I started The Prog Mind for two reasons. First, I wanted a place where I could muse over the concepts in prog music. Second, though, I wanted to create a place where I could share lesser known bands. Nowadays, because of time constraints, the second reason is the primary reason I do this; and I love hearing all the amazing music coming from bands that really need a boost in exposure, even when their music is absolutely fantastic. I feel this is very important. I recently came into contact with The Vicious Head Society, a project headed by Irish guitarist Graham Keane. Graham expressed his frustrations with getting people to listen to his music. So, here I am reviewing it, and I am here to tell you that you need to hear his debut album “Abject Tomorrow”, releasing on March 24th.

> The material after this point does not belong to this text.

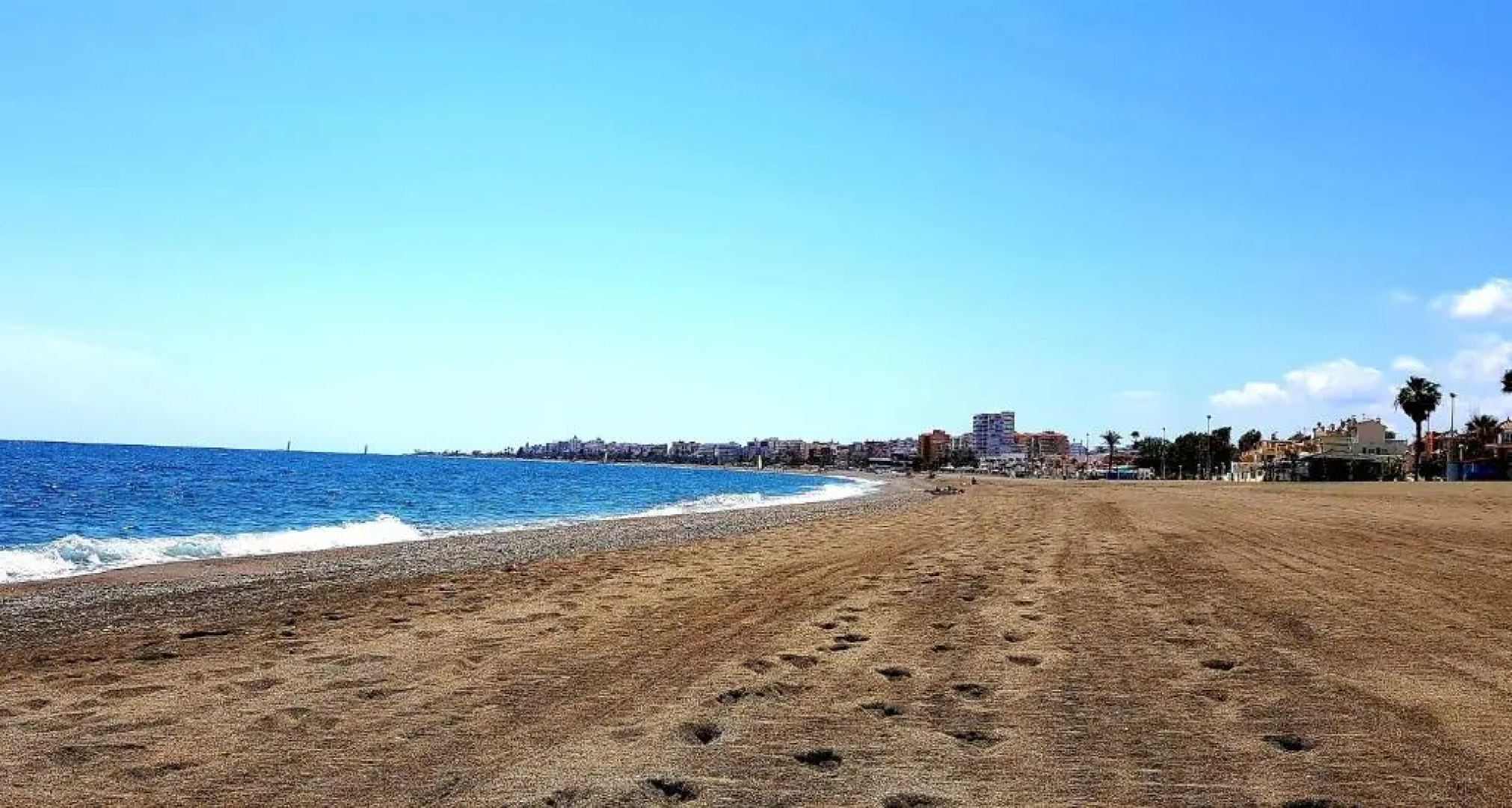 Stor våning i Caleta Hamn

The Vicious Head Society is definitely a solo act from Graham. He provides the mind-blowing guitar work on this album and also wrote everything, but he is also joined by Nathan Pickering and Wilmer Waarbroek on vocals; Derek Sherinian and Nathuel Ramos on keys; Kevin Talley and Klemen Markelj on drums; Pat Byrne on bass; and Karen Kelly on violin. The style they perform is unabashed progressive metal through and through; huge and hefty. I would put them in the range of Ayreon, Pathosray, and Symphony X. Due to the experienced status of all these guest musicians (their credits are pretty amazing), the musicianship on show is quite astounding, although that isn’t the sum of the album. So, we get razor-sharp guitars, thundering drums and bass, sublime electronic accents, epic key passages, and over the top vocals on par with any other such album you’ve heard.
As you can see, this project features multiple vocalists, and the performances are generally very good. For the most part, they will remind you of the more theatrical side of prog metal, such as Russell Allen, Damian Wilson, or even Dio. You will also hear a significant amount of harsh vocals which land solidly in the raspy style. You will also hear lots of whispering that almost seems like monologue. It honestly sounds really cool, similar to the style of THE DEADSTATION’s original EP.
The guitars and keys on this album are absolutely stunning. Guitars are heavy with loads of dueling riffs coming from all different angles, not to mention the satisfying solos. Sometimes, the guitars feel more like Symphony X, as in thrashy and epic. Other times they are significantly darker and more guttural in tone, such as like Meshuggah. Keys come washing in like the tide, flowing around and through the hefty guitars to spine-tingling effect. I’m honestly in love with the instrumentation here.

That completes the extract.